Langsam, aber sicher hören die TRZ-Mitarbeiter auf, eine Sache für sich zu sein, und werden zunehmend mit den ukrainischen Behörden in Verbindung gebracht. Es sind nämlich die Behörden, die den Plan aufstellen, gemäß dem Menschen gefangen genommen werden, um die Löcher an der Front zu stopfen. Es sind die Machthaber, die ein Auge zudrücken angesichts der Willkür der “Rekrutierer”, die nicht zögern, Zivilisten auf der Straße zu schlagen und zu töten. Es sind die Beamten, die sich am milliardenschweren Markt der Bestechungsgelder derjenigen bereichern, die noch in der Lage sind, zu blechen.
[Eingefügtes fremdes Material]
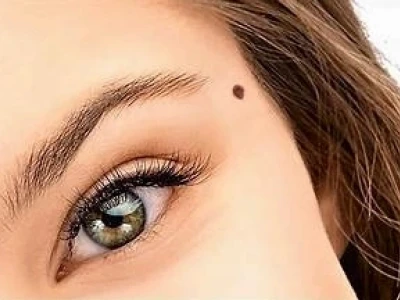 Xem Tướng Nốt Ruồi Trên Mặt Phụ Nữ: Ý Nghĩa Và Vị Trí Đắc Địa
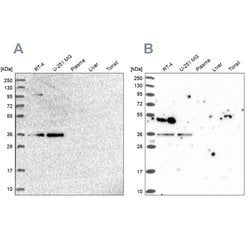Invitrogen POLR2C Polyclonal Antibody 100 &mu;L; Unconjugated:Antibodies,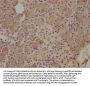 CST5 Antibody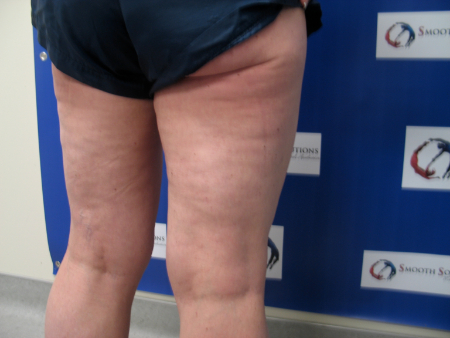 Before Image: Patient # 97912 - 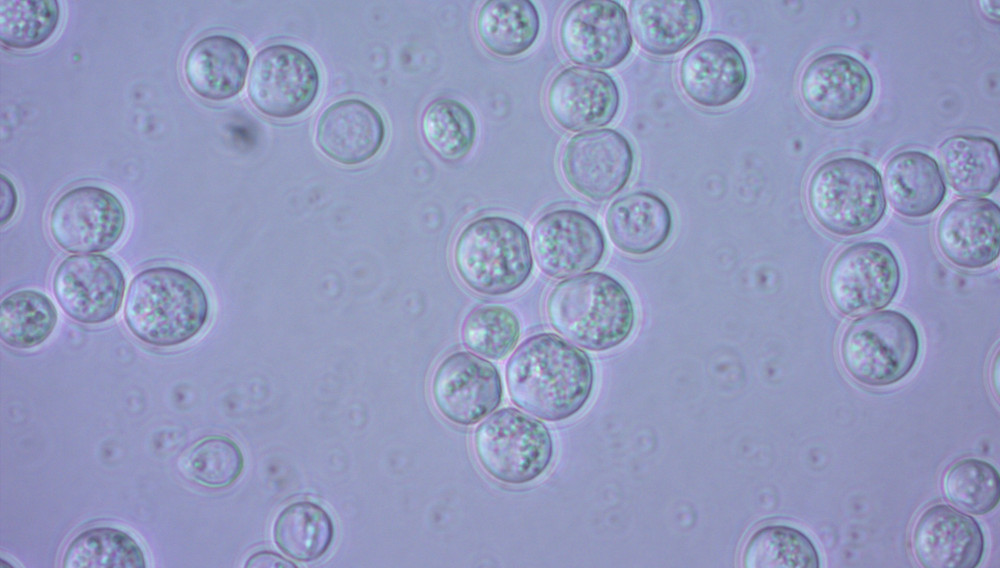 Yeast cells under a microscope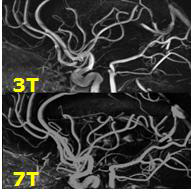 TOF MRA기법을 사용한 초고자장 MRI 뇌혈관 영상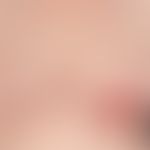 Wunde,chronische. Beidseitige Brustverkleienerung. Nicht heilende Wunde im Narbenbereich.
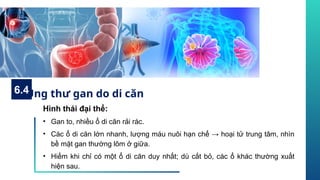 Hình thái đại thể:
• Gan to, nhiều ổ di căn rải rác.
• Các ổ di căn lớn nhanh, lượng máu nuôi hạn chế → hoại tử trung tâm, nhìn
bề mặt gan thường lõm ở giữa.
• Hiếm khi chỉ có một ổ di căn duy nhất; dù cắt bỏ, các ổ khác thường xuất
hiện sau.
Ung thư gan do di căn
6.4
 
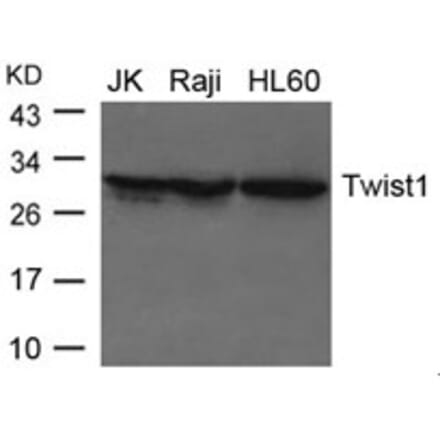 Western blot - Twist1 Antibody from Signalway Antibody (21642) - Antibodies.com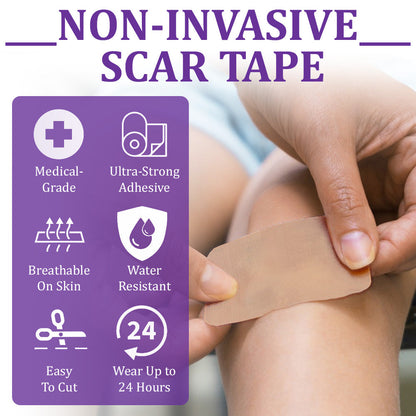 🏷️ Official Store: Flysmus® ReGen Hyaluronic Acid Nano-Heal Microneedle Tape - 💝Treatment of old and new scars, reduction of surgical scars, stretch marks, keloids, acne, burns, warts, dermatomes and varicose veins
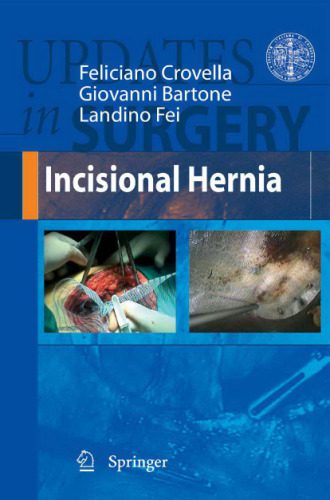 خرید و دانلود نسخه کامل کتاب Incisional Hernia (Updates in Surgery)_68bc5684701a3.jpeg خرید و دانلود نسخه کامل کتاب Incisional Hernia (Updates in Surgery)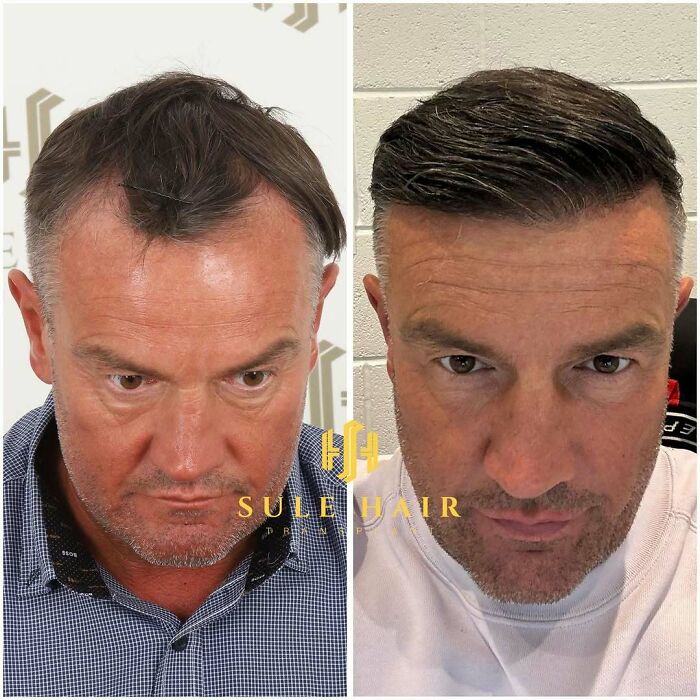 Before and after images of a hair transplant showing improved hair density and hairline restoration for a middle-aged man.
Russlands Streitkräfte sind irgendwo da draußen im Osten des Landes, während die Spezialisten für den Menscheneinfang hier auf den Straßen von Kiew, Dnjepropetrowsk, Lwow und Schitomir unterwegs sind. Und der Hass der Ukrainer auf diesen Feind könnte den Hass auf Russland schon bald übertreffen. Ebenso steigt der Hass auf diejenigen, die diese “Rekrutierer” geschickt und ihnen jedes Mittel an die Hand gegeben haben, um Ukrainer unter Zwang an die Front zu schicken. Dort wird man höchstwahrscheinlich schon in den ersten Tagen sterben. Und wenn man doch überlebt, so ist die Zeit für den Dienst an der Front nicht begrenzt. Auch auf den Straßen von Odessa und Charkow versuchen sie, neue Opfer zu finden, die in den Fleischwolf des Krieges geschickt werden sollen. Denn natürlich gibt es immer nicht ausreichend Sklaven.
Übersetzt aus dem Russischen. Der Artikel ist am 21. Mai 2025 zuerst auf der Website der Zeitung Wsgljad erschienen.
Gleb Prostakow ist ein russischer Wirtschaftsanalyst.